Abstract

Dutch Elm Disease (DED) forms a complex system of three elements closely interacting: a host, a pathogen and an insect vector. Elm breeding programmes for resistance to DED have been exclusively based on selecting or obtaining pathogen-resistant trees, thus stressing only the host–pathogen side of the interaction and missing the vector component. Resistance against the bark beetle vectors would involve mechanisms other than those implicated in fungus resistance. As a consequence the search for resistance to the vectors would offer more than just a different way of obtaining resistant elms as it would allow incorporation of a new type of resistance into pathogen-resistant trees. Suppressing twig crotch feeding by elm bark beetles would greatly reduce infection on healthy elms. Evidence of preferences by elm bark beetles among different elm species has been documented in the field and in controlled experiments, demonstrating that U. minor is preferred over U. laevis and U. glabra, whereas intraspecific preferences among individual elms or clones remain largely unexplored.
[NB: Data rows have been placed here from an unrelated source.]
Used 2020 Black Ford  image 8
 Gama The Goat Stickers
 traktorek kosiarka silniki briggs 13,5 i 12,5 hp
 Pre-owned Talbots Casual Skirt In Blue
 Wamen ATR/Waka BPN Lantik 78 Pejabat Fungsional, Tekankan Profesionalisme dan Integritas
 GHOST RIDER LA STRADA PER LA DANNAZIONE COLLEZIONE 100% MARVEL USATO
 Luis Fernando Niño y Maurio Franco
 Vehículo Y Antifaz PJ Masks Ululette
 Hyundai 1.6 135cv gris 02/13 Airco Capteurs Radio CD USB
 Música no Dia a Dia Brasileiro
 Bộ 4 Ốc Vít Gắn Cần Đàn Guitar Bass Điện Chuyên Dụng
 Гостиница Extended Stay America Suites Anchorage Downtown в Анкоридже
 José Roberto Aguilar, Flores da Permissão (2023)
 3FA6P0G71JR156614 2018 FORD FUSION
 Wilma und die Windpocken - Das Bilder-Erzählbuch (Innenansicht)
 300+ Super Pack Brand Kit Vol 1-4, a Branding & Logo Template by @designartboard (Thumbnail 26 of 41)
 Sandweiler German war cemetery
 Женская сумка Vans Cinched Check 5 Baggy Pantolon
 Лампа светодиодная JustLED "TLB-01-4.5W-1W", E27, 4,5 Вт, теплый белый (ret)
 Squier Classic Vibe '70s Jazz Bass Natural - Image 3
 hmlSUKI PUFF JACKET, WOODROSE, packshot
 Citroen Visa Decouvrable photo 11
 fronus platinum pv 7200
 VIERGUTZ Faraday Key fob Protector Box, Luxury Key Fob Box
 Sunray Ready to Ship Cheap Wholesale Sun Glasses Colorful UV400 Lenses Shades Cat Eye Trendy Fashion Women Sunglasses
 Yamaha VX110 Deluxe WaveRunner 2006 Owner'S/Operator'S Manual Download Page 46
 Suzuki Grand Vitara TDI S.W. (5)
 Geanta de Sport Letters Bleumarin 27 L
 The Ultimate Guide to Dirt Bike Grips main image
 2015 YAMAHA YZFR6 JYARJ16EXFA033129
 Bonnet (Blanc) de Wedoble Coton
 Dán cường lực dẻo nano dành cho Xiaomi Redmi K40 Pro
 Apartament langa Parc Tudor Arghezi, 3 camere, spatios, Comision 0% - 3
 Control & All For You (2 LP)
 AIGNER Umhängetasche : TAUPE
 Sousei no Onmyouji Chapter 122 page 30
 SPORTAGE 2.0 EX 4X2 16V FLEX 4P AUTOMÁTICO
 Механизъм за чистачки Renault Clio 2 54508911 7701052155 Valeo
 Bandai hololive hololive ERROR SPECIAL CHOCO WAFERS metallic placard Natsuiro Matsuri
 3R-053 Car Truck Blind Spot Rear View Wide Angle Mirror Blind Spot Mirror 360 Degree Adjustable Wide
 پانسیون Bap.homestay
The selection of an individual plant by an insect is a two-step process that involves finding and accepting the host. Plant chemicals can play a key role in both of these steps, acting either as long-range stimuli, such as attractants or repellents, or as close-range contact cues, such as feeding stimulants and deterrents, operating after landing on the plant surface. Research on the chemical aspects of elm selection by bark beetles is here reviewed, and prospects for the future are discussed.